“ Questi monsignori, questi porporati, questi prìncipi della Chiesa, non erano diventati tali in seguito a una vincita al totocalcio. La scuola, pensò Santamaria, si sentiva”.

Solo un commissario creato a immagine e somiglianza di Fruttero & Lucentini poteva riuscire nel capolavoro da detective di avere ragione per due volte nel giro di due righe, quelle iniziali del capitolo sesto di “A che punto è la notte”. E quindi sì, la prima cosa che percepisci in questi monsignori, questi porporati, questi prìncipi della Chiesa che svolazzano per Roma, filmati col telefonino dai turisti giulivi che poi chiedono la benedizione, è che la scuola si sente. Classe millenaria e, appunto, principesca. Anche nel lasciarsi quotare sui giornali come cavalli da corsa, o affibbiare strane e strette maglie di progressismo o tradizionalismo. E poi, appunto, la porpora non l’hanno vinta al totocalcio: non ha senso guardarli come se avessero avuto una botta di fortuna. E però da prìncipi e sacerdoti sanno che l’invidia è il peccato degli sconfitti e va perdonata.

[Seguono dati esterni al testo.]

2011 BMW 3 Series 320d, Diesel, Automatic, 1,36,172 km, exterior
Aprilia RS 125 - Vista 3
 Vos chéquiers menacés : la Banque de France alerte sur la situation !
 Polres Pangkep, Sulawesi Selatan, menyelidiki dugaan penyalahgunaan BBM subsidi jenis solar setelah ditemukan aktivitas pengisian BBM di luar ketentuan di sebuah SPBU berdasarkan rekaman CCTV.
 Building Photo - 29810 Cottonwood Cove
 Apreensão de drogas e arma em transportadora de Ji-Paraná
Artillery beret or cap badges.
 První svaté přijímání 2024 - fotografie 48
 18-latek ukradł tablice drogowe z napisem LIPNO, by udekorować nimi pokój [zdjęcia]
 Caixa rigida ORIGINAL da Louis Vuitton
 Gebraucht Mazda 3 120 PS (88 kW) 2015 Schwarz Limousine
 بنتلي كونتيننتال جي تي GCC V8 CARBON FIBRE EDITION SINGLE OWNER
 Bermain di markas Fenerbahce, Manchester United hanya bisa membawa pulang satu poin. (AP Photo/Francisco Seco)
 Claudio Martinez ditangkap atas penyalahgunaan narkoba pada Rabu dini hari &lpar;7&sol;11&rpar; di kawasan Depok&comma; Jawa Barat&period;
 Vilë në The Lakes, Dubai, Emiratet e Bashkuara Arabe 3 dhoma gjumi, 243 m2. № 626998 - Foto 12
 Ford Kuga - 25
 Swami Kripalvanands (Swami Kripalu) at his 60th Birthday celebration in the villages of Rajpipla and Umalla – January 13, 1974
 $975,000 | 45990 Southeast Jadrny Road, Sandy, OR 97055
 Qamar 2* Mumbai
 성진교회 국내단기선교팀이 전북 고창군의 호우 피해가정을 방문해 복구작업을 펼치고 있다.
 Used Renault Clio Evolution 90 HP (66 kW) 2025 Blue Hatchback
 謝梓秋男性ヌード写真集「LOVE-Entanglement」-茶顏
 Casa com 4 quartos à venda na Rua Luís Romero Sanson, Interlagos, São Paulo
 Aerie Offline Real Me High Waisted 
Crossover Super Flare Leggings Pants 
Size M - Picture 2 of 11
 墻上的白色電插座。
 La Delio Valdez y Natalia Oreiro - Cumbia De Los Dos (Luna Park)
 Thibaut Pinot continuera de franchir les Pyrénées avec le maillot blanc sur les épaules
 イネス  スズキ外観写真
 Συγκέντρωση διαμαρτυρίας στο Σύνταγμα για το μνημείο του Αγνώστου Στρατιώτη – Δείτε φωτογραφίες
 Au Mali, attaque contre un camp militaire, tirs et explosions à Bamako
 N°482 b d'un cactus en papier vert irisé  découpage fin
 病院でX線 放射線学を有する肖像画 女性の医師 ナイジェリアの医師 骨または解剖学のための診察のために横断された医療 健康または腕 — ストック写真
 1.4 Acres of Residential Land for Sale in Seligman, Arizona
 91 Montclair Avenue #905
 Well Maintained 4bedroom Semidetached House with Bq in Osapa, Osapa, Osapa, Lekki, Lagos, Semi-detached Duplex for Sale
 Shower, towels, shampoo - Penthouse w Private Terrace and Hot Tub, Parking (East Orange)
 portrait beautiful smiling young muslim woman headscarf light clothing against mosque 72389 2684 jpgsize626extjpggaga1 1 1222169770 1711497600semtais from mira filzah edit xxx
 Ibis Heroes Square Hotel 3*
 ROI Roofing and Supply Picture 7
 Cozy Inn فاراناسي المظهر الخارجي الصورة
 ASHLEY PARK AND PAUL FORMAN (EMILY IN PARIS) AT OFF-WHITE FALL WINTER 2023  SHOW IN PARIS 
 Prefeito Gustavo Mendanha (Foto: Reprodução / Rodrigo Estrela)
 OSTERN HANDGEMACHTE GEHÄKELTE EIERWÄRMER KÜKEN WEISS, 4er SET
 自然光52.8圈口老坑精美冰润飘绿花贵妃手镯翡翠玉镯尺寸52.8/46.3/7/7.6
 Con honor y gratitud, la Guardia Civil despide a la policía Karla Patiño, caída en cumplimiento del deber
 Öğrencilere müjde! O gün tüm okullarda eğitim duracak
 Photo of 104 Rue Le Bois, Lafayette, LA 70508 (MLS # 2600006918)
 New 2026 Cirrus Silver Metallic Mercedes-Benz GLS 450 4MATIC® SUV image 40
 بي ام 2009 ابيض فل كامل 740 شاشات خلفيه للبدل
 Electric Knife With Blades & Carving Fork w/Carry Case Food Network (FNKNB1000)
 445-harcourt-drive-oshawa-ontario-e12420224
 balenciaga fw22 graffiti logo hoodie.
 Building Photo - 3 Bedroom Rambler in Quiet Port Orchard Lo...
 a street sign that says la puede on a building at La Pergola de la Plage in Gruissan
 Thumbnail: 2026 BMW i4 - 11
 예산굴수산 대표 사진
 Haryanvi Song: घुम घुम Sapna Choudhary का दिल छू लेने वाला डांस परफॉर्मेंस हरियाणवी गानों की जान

Non ce ne vorranno se sospireremo gelosi al pensiero che da domani per un po’ lavoreranno nell’ufficio più quieto e bello del mondo. Il decoratore, per dire, è Michelangelo; a sera nessuno li assillerà chiedendo come è andata la giornata, pena la scomunica: nessuno potrà chiamarli, neanche per proporre un cambio di gestore dell’energia.